ABOUT THIS TASK
Required from the data below: the exact lines starting at the line containing "Moo and Bean Kitchen & Bar, North Haven, NSW" and ending at the line containing "Renault Megane scenic rx4", with both ends kept and all pictures dropped.

RECORDS PROVIDED
▽

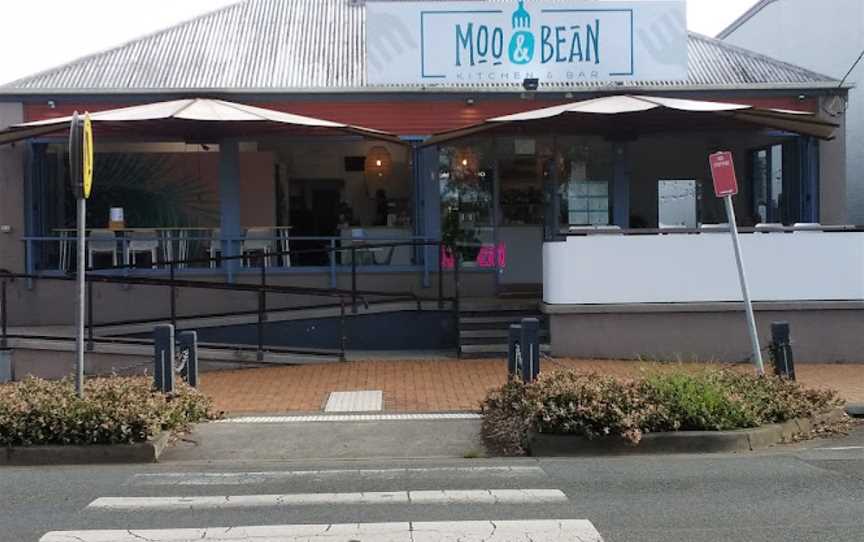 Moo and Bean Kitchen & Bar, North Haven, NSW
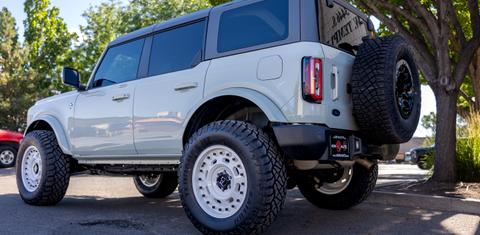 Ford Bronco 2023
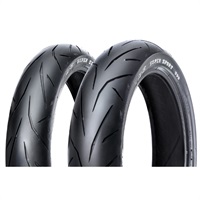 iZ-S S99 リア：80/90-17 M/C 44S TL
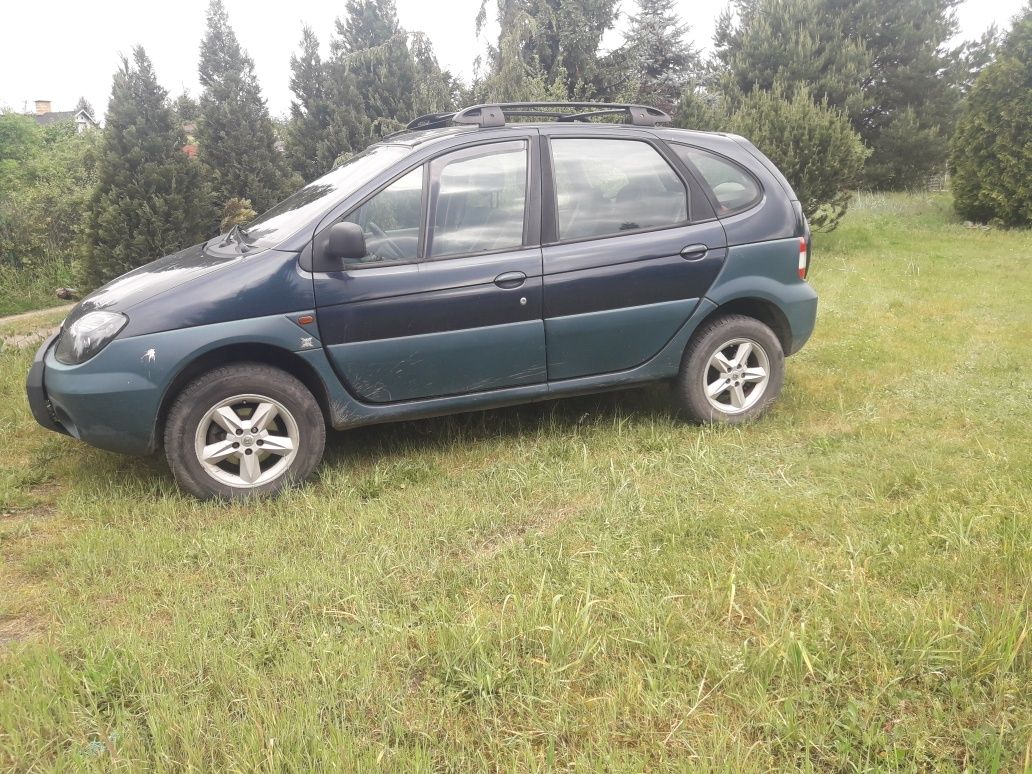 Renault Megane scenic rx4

△
▽

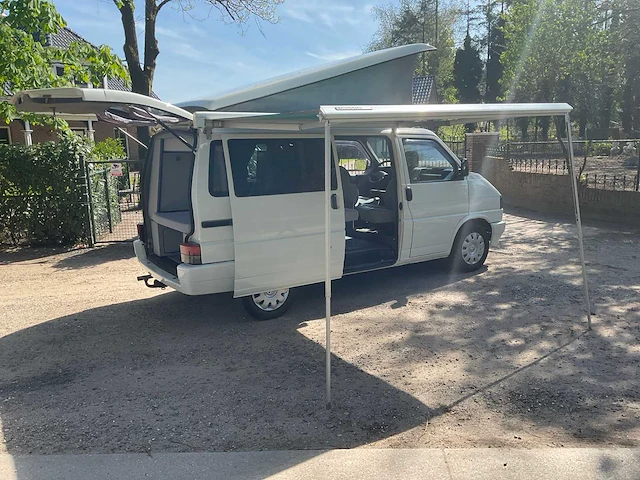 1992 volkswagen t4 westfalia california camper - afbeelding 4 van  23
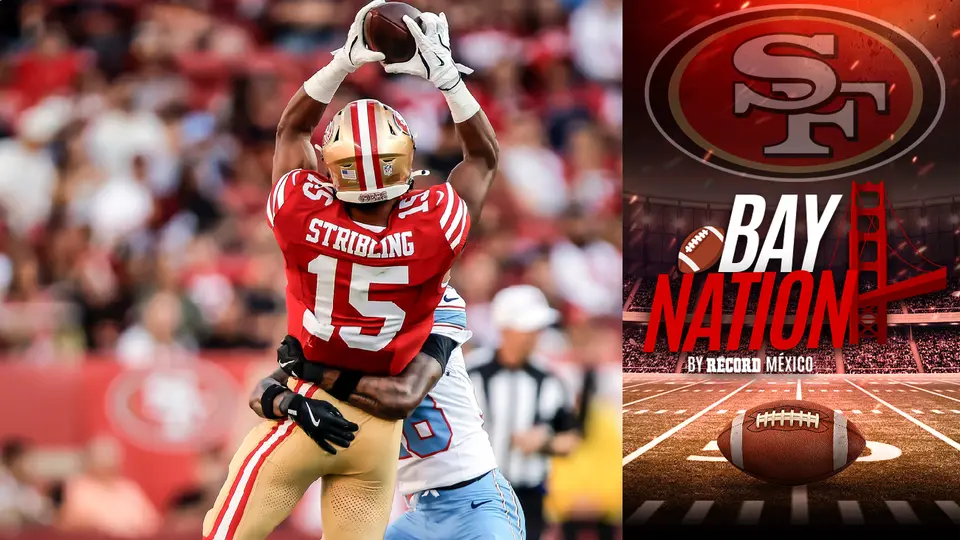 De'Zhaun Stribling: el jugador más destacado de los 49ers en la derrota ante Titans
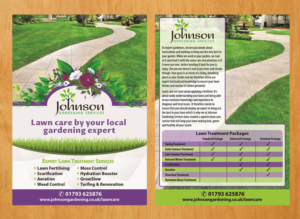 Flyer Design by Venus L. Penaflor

△

EXERCISE RESULT
 Moo and Bean Kitchen & Bar, North Haven, NSW
 Ford Bronco 2023
 iZ-S S99 リア：80/90-17 M/C 44S TL
 Renault Megane scenic rx4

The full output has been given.